═════ DATASET EXTRACT

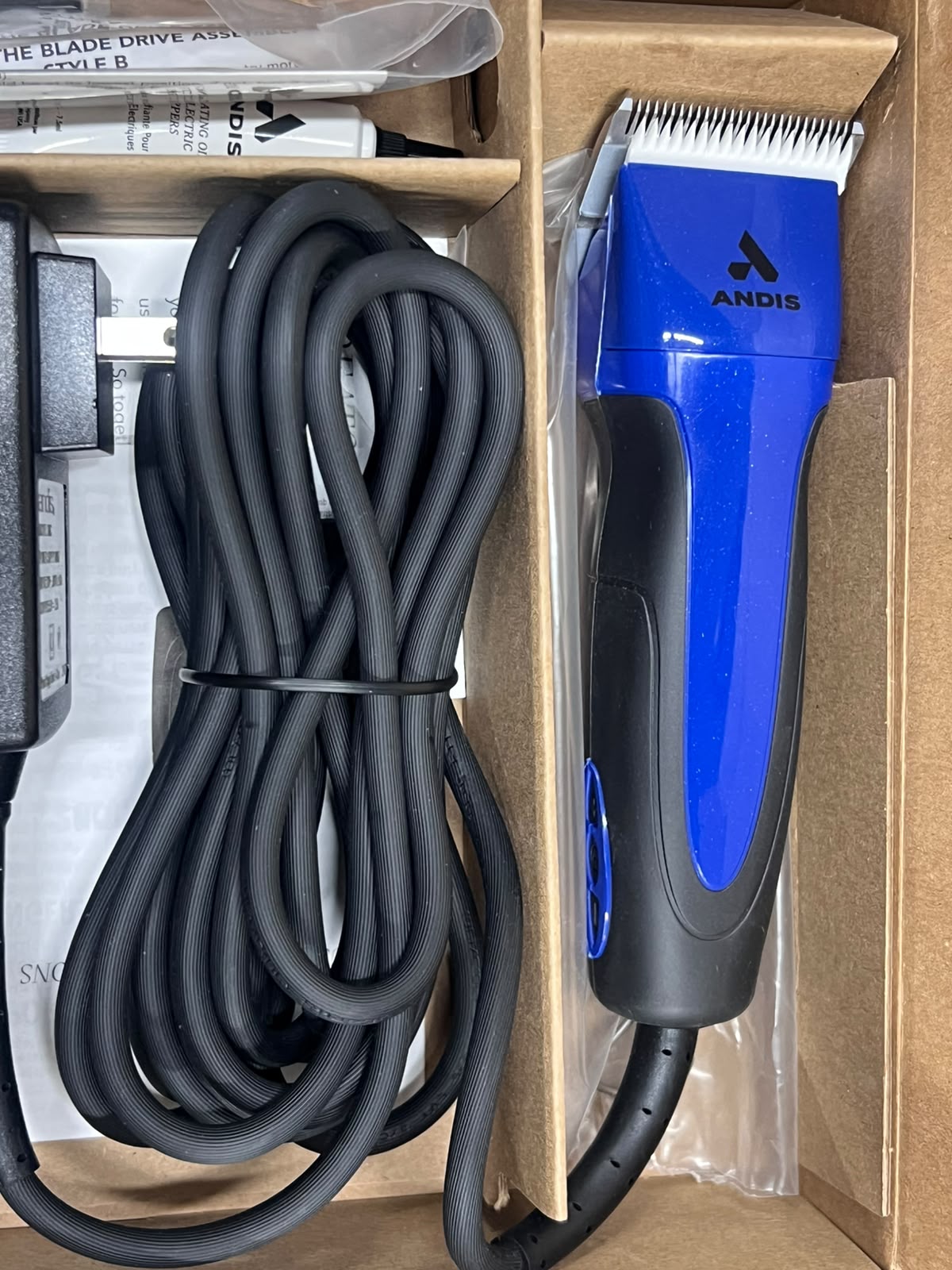 Andis Excel Pro-Animal 5-Speed Detachable Blade Clipper Kit 68520 Professional Dog Grooming Clipper – Excellent Condition Andis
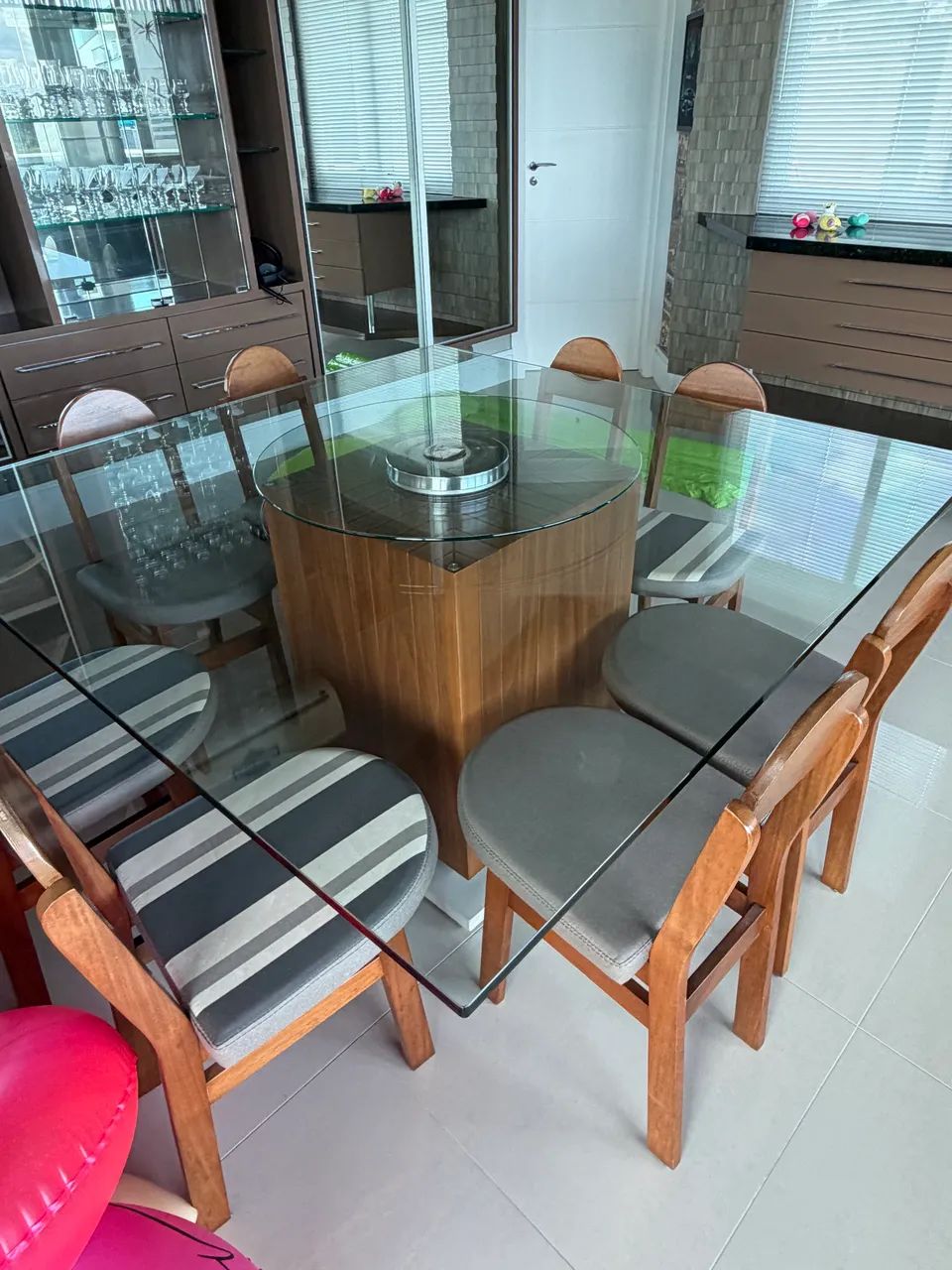 Mesa de jantar com 8 Cadeiras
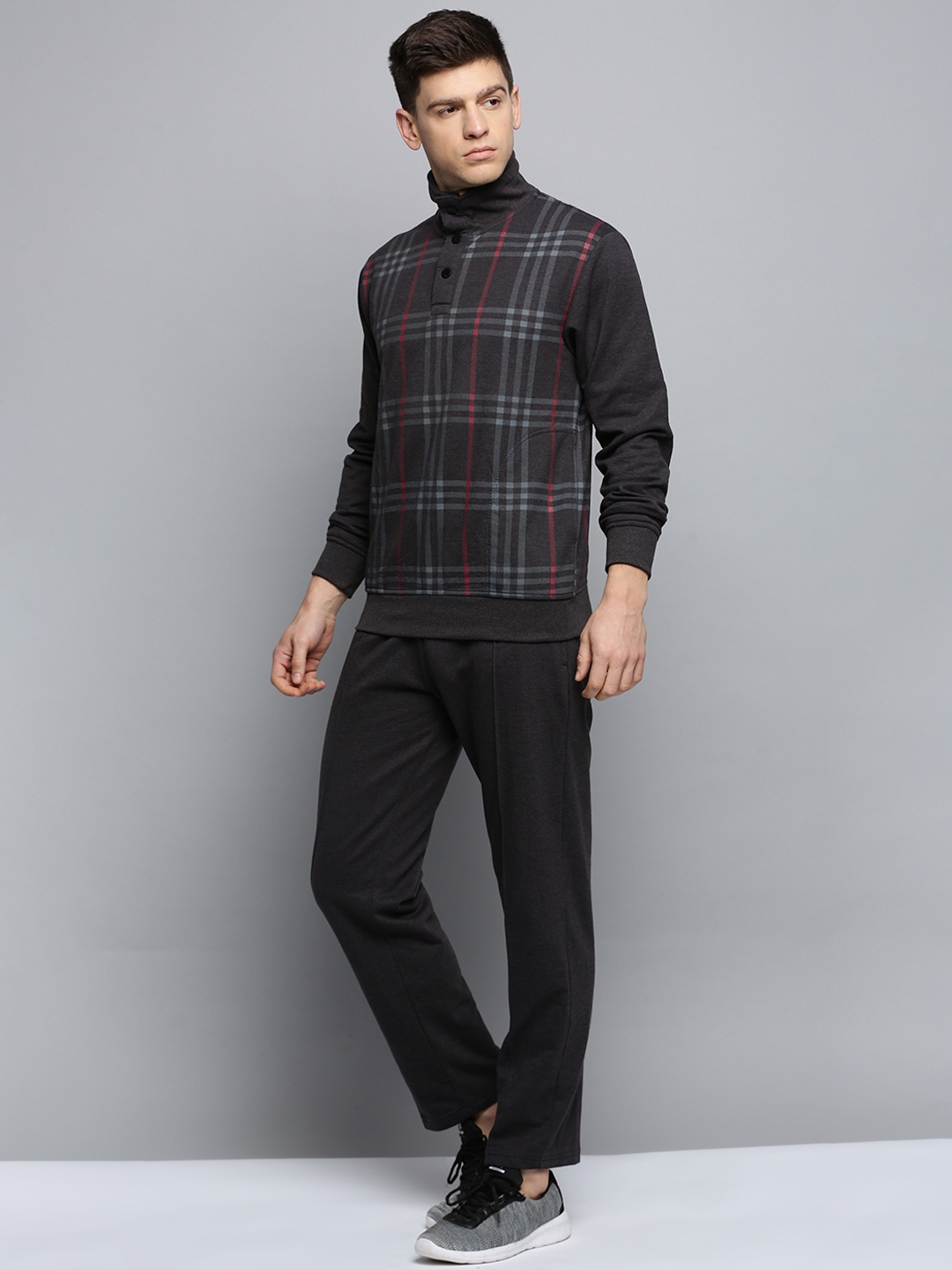 Showoff | SHOWOFF Men's Checked Charcoal Mock Collar Tracksuit 1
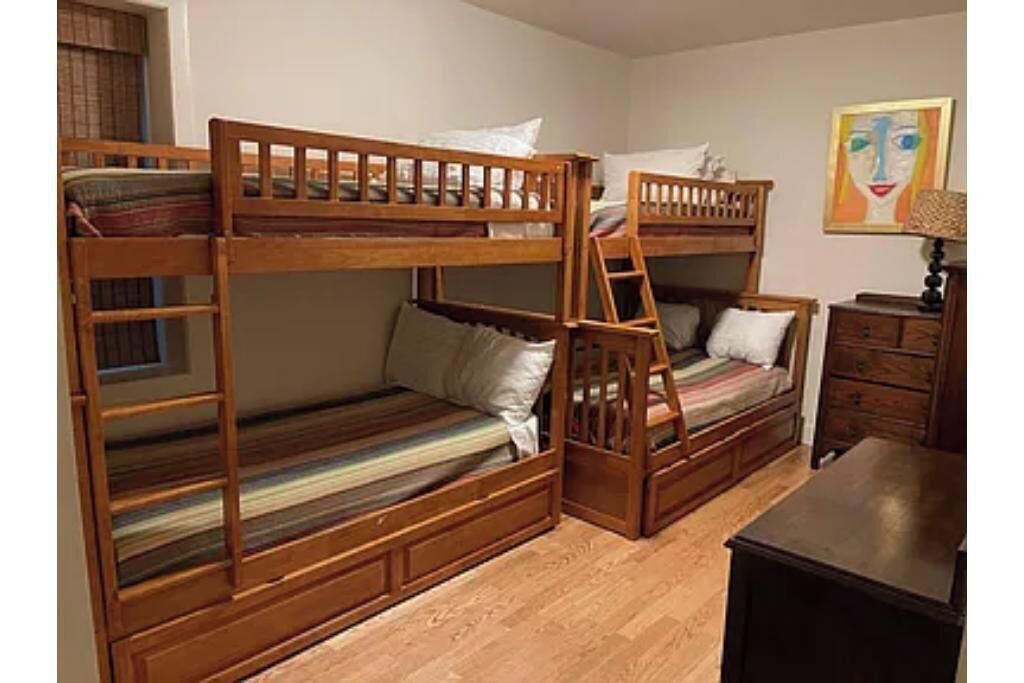 Photo of Bedroom in Central Boulder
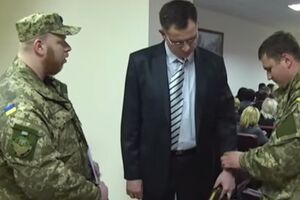 Краматорский прокурор был задержан публично 6 апреля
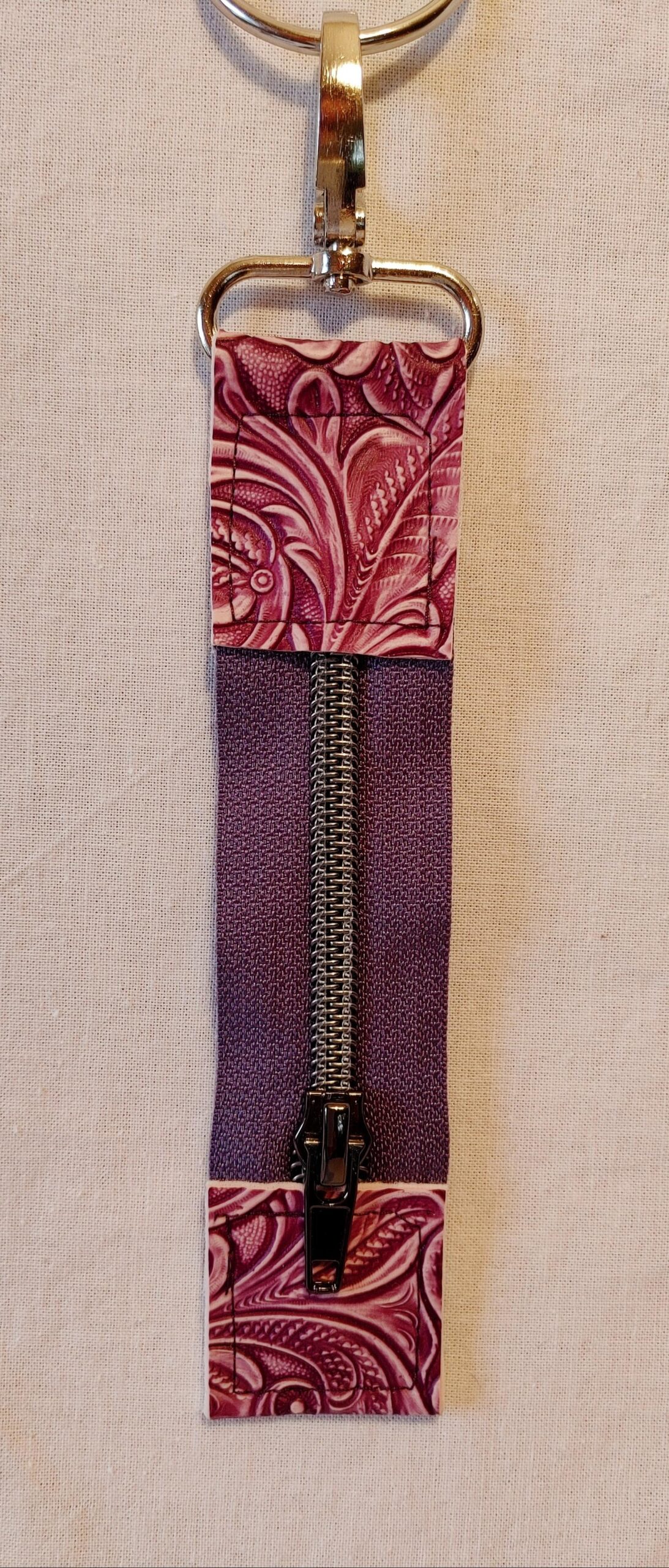 Hundekotbeutelhalter Sitka, lila dunkel Gr. 1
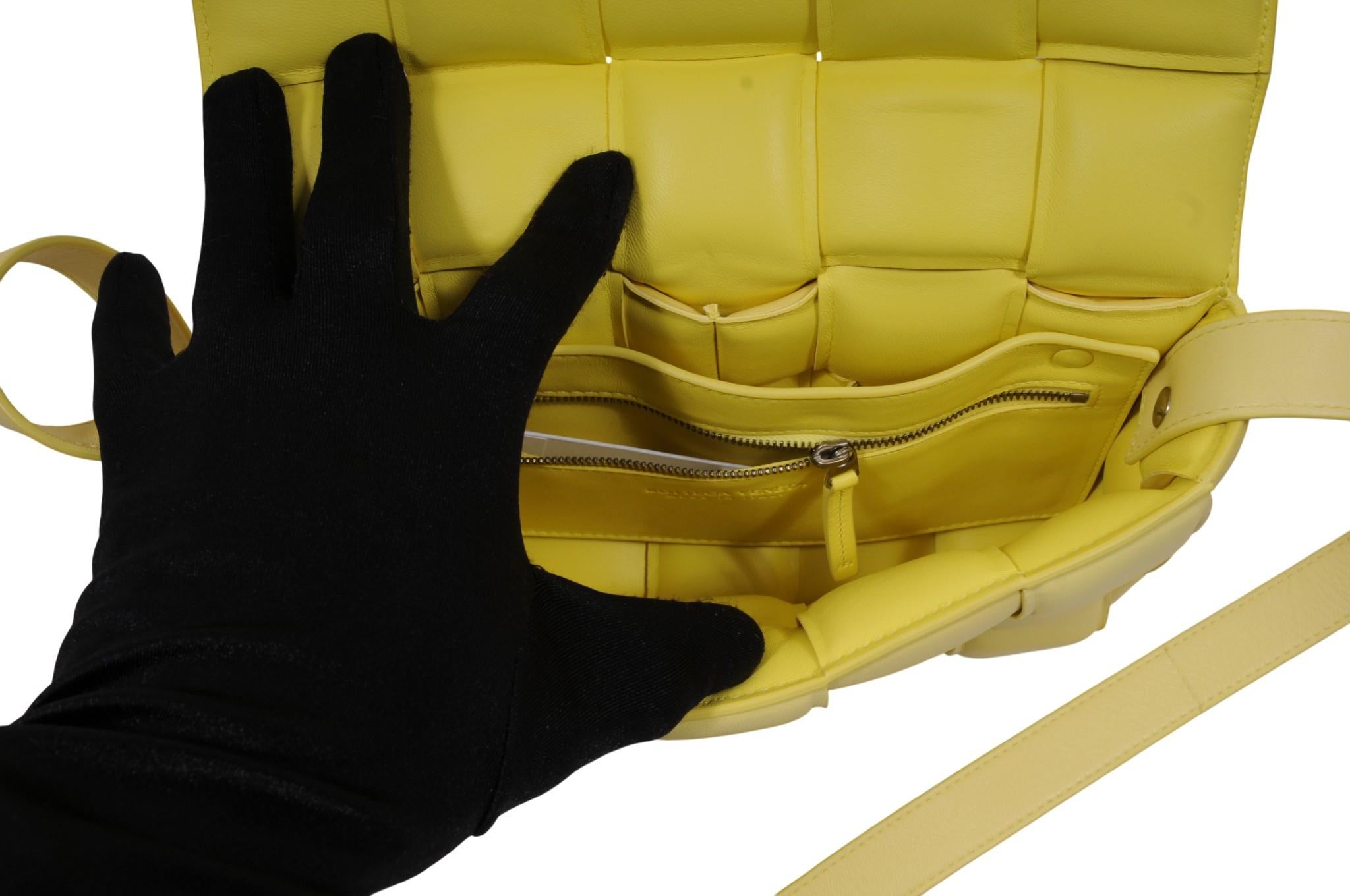 Bottega Veneta - Sac à bandoulière à cassette paddée - Cuir Intrecciato jaune en vente 4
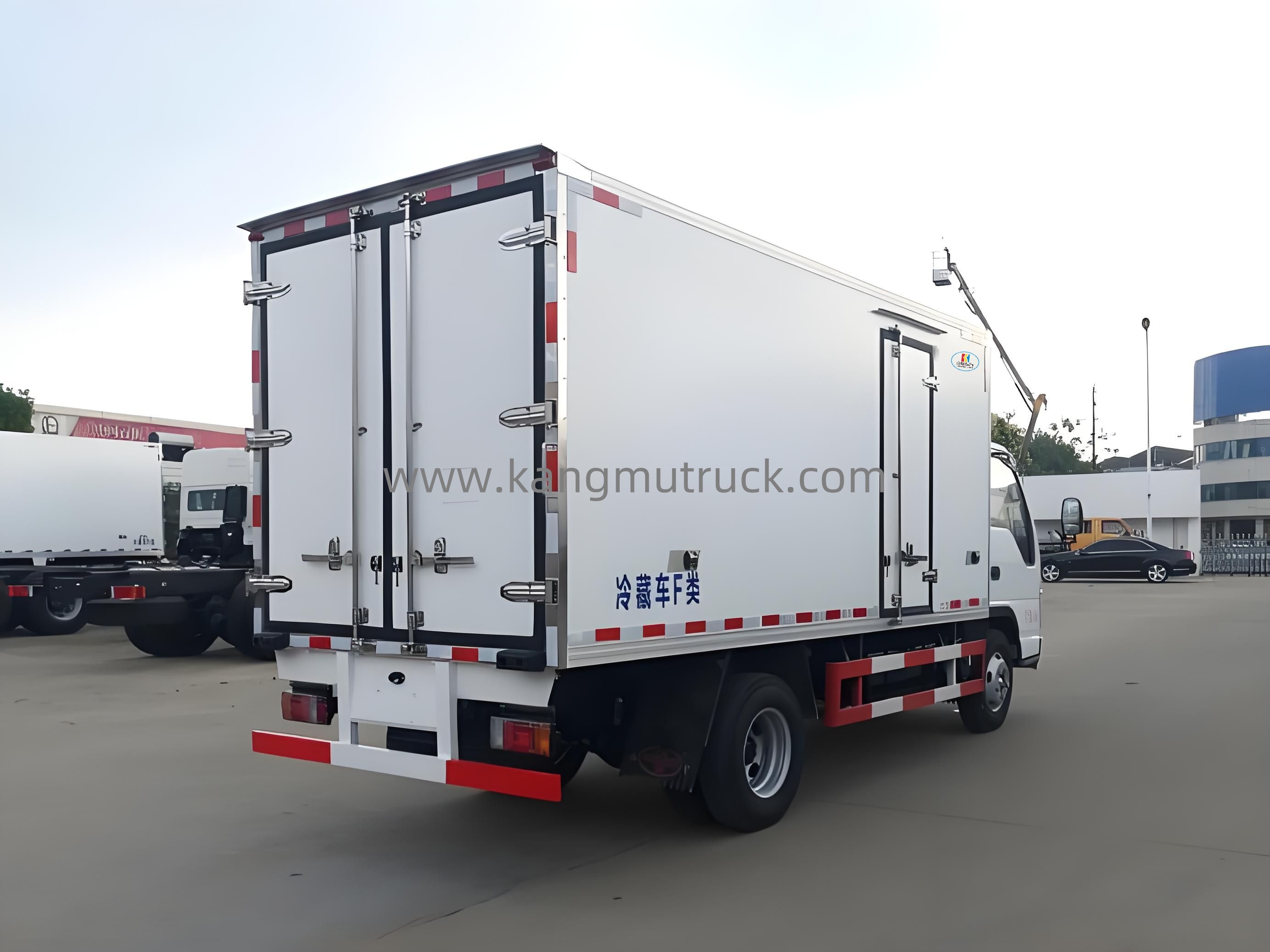 Qingling Isuzu 100P Meat Hook Refrigerated Truck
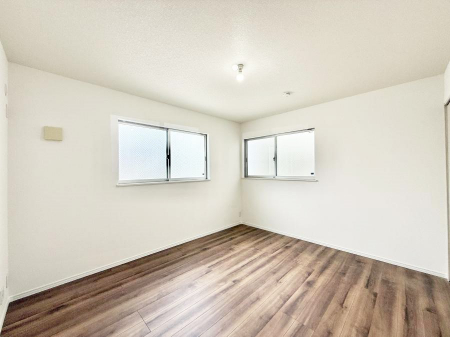 �q�������@�������v���C�x�[�g��ԂƂ��ĐÂ��ŗ�������������񋟂��Ă���܂�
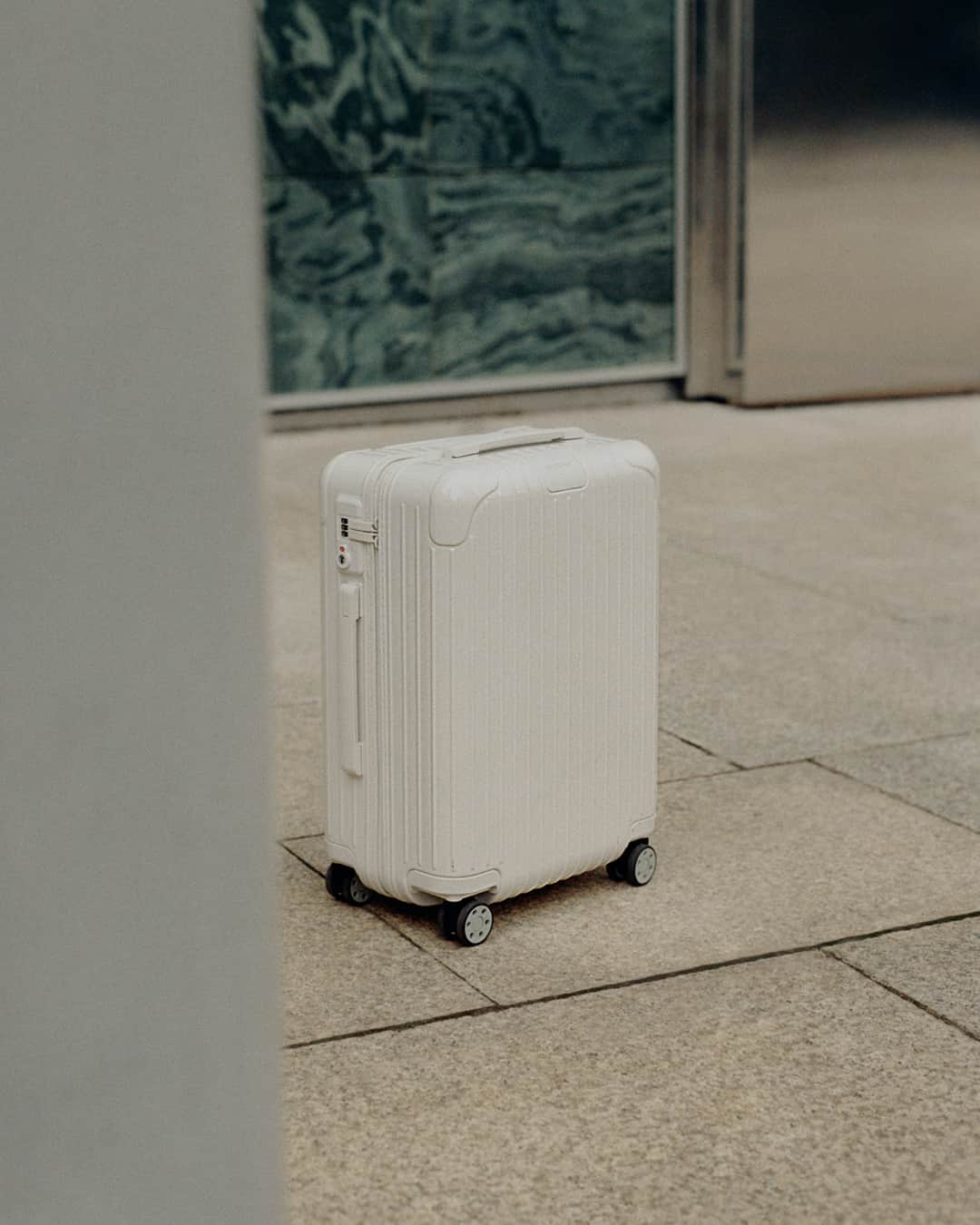 リモワさんのインスタグラム写真 - (リモワInstagram)「Meet your travel match with the RIMOWA Essential Cabin in White.   #RIMOWA #RIMOWAessential」12月9日 23時00分 - rimowa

══════════

» TASK TO COMPLETE
From the first line to the last, copy the listing above exactly, dropping all images.

» RESPONSE TO THE EXERCISE
 Andis Excel Pro-Animal 5-Speed Detachable Blade Clipper Kit 68520 Professional Dog Grooming Clipper – Excellent Condition Andis
 Mesa de jantar com 8 Cadeiras
 Showoff | SHOWOFF Men's Checked Charcoal Mock Collar Tracksuit 1
 Photo of Bedroom in Central Boulder
 Краматорский прокурор был задержан публично 6 апреля
 Hundekotbeutelhalter Sitka, lila dunkel Gr. 1
 Bottega Veneta - Sac à bandoulière à cassette paddée - Cuir Intrecciato jaune en vente 4
 Qingling Isuzu 100P Meat Hook Refrigerated Truck
 �q�������@�������v���C�x�[�g��ԂƂ��ĐÂ��ŗ�������������񋟂��Ă���܂�
 リモワさんのインスタグラム写真 - (リモワInstagram)「Meet your travel match with the RIMOWA Essential Cabin in White.   #RIMOWA #RIMOWAessential」12月9日 23時00分 - rimowa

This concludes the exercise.